Inside what looked more like a ballroom than part of a 133,000-square foot race shop, there were uniformed caterers and tables of fancy hors d'oeuvres. There were car-parkers outside in the rain and pretty girls in red shirts directing guests along corridors to the press conference. Dale Earnhardt had done many things in racing, but hosting a press conference was a first-this time as a father and car owner.

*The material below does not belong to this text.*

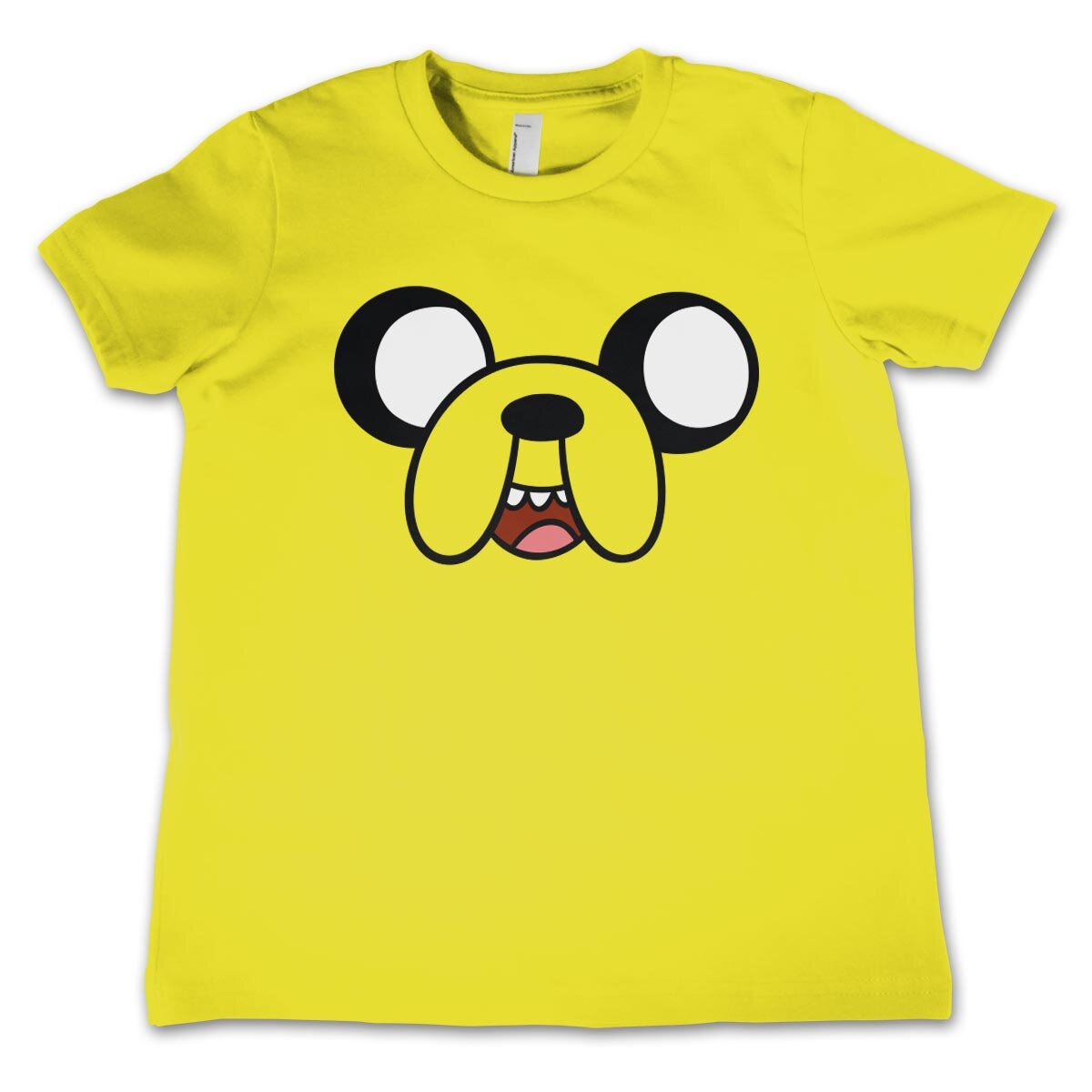 Jake The Dog Girls Kids T-Shirt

A few of us who have covered Earnhardt throughout his long driving career couldn't help but reflect on the seven-time Winston Cup champion's humble start, which was in his racing father Ralph's two-bay garage with one race car at their modest home in Kannapolis, North Carolina. Talent and determination far exceeded money. Racing became a struggle for Earnhardt after his father, as good a short-track driver as there ever was, died unexpectedly. A dream has mushroomed into benchmark accomplishments and millions of dollars in earnings, much of which has been plowed back into the first-class operation and ownership of three race teams with 114 employees.

On this day, though, some 25 years later, 23-year-old Dale Earnhardt Jr. made his grand entrance riding shotgun on the Budweiser wagon drawn by several tons of horsepower-eight Clydesdales. All this was fit for the king of beers and the would-be prince of Stock car racing. Oh, if Ralph Earnhardt, as good a short-track racer as there ever was, could see his son and grandson now.

The deal was much bigger than most in the room could imagine. Anheuser-Busch had signed Dale Earnhardt Jr. and DEI to a six-year contract to tout its premier brand, Budweiser, in the Winston Cup Series beginning in 1999. Junior will compete in five selected Winston Cup races for Budweiser next year, while driving his second full season in the Busch Grand National Series, and tackle the big circuit full time in 2000. His '99 schedule and car number will be announced later.

Although the price tag was removed from the sponsorship and personal services package, an educated guess places the value as high as $60 million. Wow! Is this NASCAR or professional baseball? Given that Winston Cup agreements are normally three years, this has to be the biggest team sponsorship outlay in NASCAR history.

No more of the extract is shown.